/images/yama1.jpg

Predicting Real Estate Prices in New York State: A Machine Learning Approach

In this project, I developed a machine learning model to predict transaction prices for real estate properties in New York State. Leveraging regression models and extensive data analysis, the goal was to achieve a model with a mean absolute error (MAE) below the project’s win condition of $70,000.

The project involved comprehensive data cleaning, exploratory data analysis, and feature engineering to ensure high-quality input data for the models. Various regression algorithms, including Lasso, Ridge, Elastic Net, Random Forest, and Gradient Boosting Trees, were trained and evaluated for their prediction performance.

Through careful feature engineering and preprocessing techniques, such as standardization and outlier handling, the models demonstrated impressive performance in predicting real estate prices. The Random Forest model emerged as the top-performing model, achieving the highest R2 score and the lowest MAE among the evaluated models.
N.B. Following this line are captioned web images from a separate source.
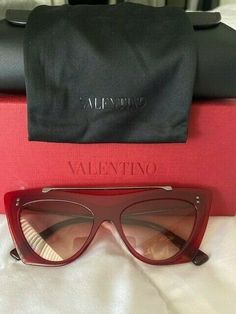 Chic Pink Cat Eye Sunglasses With Uva Protection, Designer Red Tinted Sunglasses, Luxury Red Sunglasses In Acetate, Luxury Pink Cat Eye Sunglasses, Valentino Garavani Sunglasses, Pink Sunglasses, Valentino Garavani, Cat Eye, Uv Protection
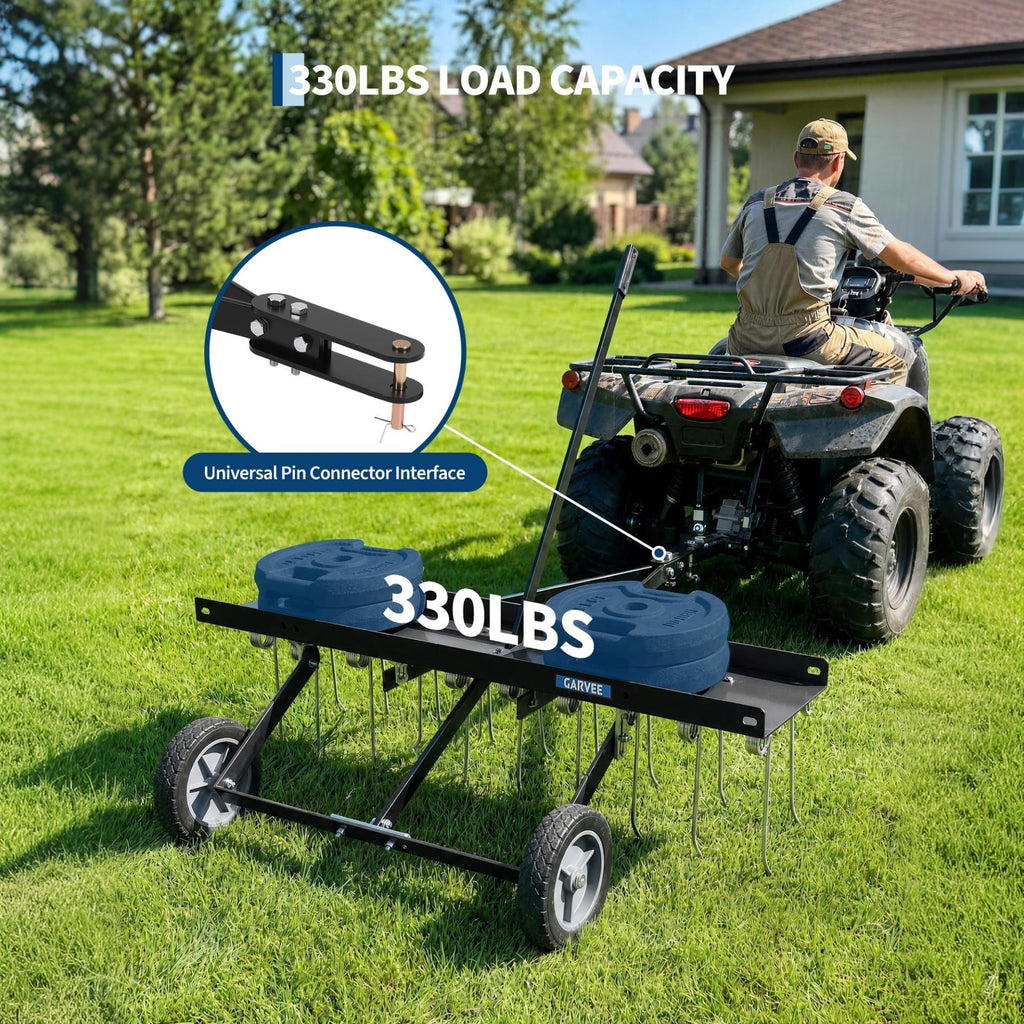 Garvee 48" Tow Behind Lawn Dethatcher, 24 Spring Steel Tines with 330 lb Ballast Tray for Large Yards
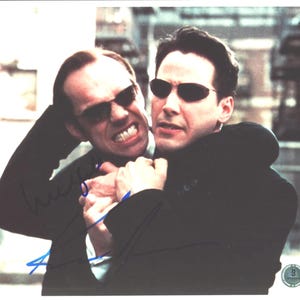 Keanu Reeves & Hugo Weaving Autographed Signed Matrix 8x10 Photo BECKETT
The project’s outcomes have significant implications for the real estate industry, enabling more accurate and data-driven pricing strategies. The model can assist real estate investment firms in optimizing pricing decisions, assessing risks, and reducing costs associated with manual appraisals. The next steps involve deploying the winning model, continuous monitoring, incorporating external data sources, evaluating model robustness, and collaborating with stakeholders for further improvements.

To explore the project in detail, please visit the ML-real-estate-prediction GitHub repository.

Developing Metrics for Structural-Level Discrimination: A Data Science Project Focused on LGBTQ+ Populations

In this data science project, I embarked on the challenge of quantifying discrimination using real-world data. Structural stigma, which encompasses discrimination embedded in societal-level conditions, cultural norms, and institutional policies, has a significant impact on LGBTQ+ individuals in the U.S. While established methods exist to measure individual and interpersonal stigma, quantifying structural stigma poses a unique challenge due to its complex macro-social nature.

To address this, I designed an approach using Confirmatory Factor Analysis, utilizing a variety of variables that represented both explicit and implicit attitudes specific to LGBTQ+ individuals from an open data set, Project Implicit. This allowed us to create an index of county-level structural stigma. The resulting factor, when visualized on a U.S. map, provides an illuminating representation of the structural stigma landscape across the country. It helps us better understand the macro-social context and pervasive challenges that LGBTQ+ populations in the U.S. encounter in their day-to-day lives.